You might read this article: http://www.rollingstone.com/news/story/10432334/was_the_2004_election_stolen

Here is an excerpt:

"But what is most anomalous about the irregularities in 2004 was their decidedly partisan bent: Almost without exception they hurt John Kerry and benefited George Bush. After carefully examining the evidence, I've become convinced that the president's party mounted a massive, coordinated campaign to subvert the will of the people in 2004. Across the country, Republican election officials and party stalwarts employed a wide range of illegal and unethical tactics to fix the election.
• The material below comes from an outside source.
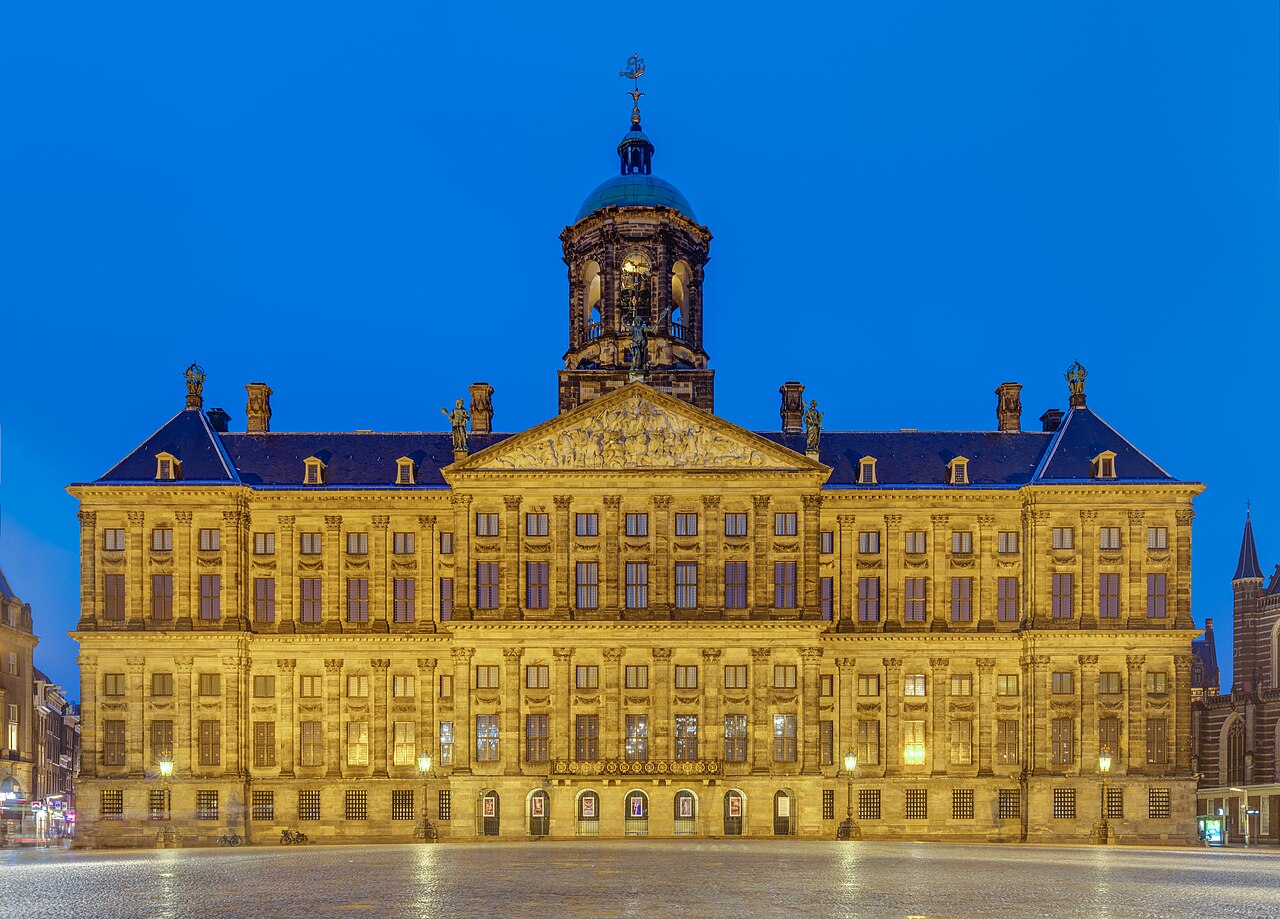 Blue hour view of front of the Royal Palace, Amsterdam, Netherlands. The palace was built as a city hall during the Dutch Golden Age and opened in 1655. The bui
A review of the available data reveals that in Ohio alone, at least 357,000 voters, the overwhelming majority of them Democratic, were prevented from casting ballots or did not have their votes counted in 2004(12) -- more than enough to shift the results of an election decided by 118,601 votes.(13) (See Ohio's Missing Votes) In what may be the single most astounding fact from the election, one in every four Ohio citizens who registered to vote in 2004 showed up at the polls only to discover that they were not listed on the rolls, thanks to GOP efforts to stem the unprecedented flood of Democrats eager to cast ballots.(14) And that doesn’t even take into account the troubling evidence of outright fraud, which indicates that upwards of 80,000 votes for Kerry were counted instead for Bush. That alone is a swing of more than 160,000 votes -- enough to have put John Kerry in the White House.(15)"

Much of Kennedy's article is about Ohio, but he reports that the exit polls across the country were way off, in a way they never had been before.

Here is another excerpt:

'The lone news anchor who seriously questioned the integrity of the 2004 election was Keith Olbermann of MSNBC. I asked him why he stood against the tide. ''I was a sports reporter, so I was used to dealing with numbers,'' he said. ''And the numbers made no sense. Kerry had an insurmountable lead in the exit polls on Election Night -- and then everything flipped.'' Olbermann believes that his journalistic colleagues fell down on the job. ''I was stunned by the lack of interest by investigative reporters,'' he said. ''The Republicans shut down Warren County, allegedly for national security purposes -- and no one covered it. Shouldn't someone have sent a camera and a few reporters out there?'''

Mark

Thanks--that's certainly an exhaustive reference. I don't think there's much doubt that the Republicans are (and have been) engaged in dirty tricks around elections, as Greg Palast has documented. I just don't think it would have been enough to account for the difference of 3 million votes.

Also, one of the key points in my mind is that all of the people who've spent so much time investigating and documenting election abuses by the Republicans are completely absent when it comes to investigating and documenting the numerous abuses the Democrats committed in trying to balk Nader's candidacy in 2004. This doesn't negate what they're saying about the 2004 elections, but it does reveal their partisan stance. I doubt that they'd care about disenfranchisement if it were happening to Republican voters, just as they don't seem to care what their party did to Nader voters in 2004.

It's definitely true that elections in this country are seriously broken, though, and I'd agree that we'll never know what the real totals for 2004 (or 2000) were.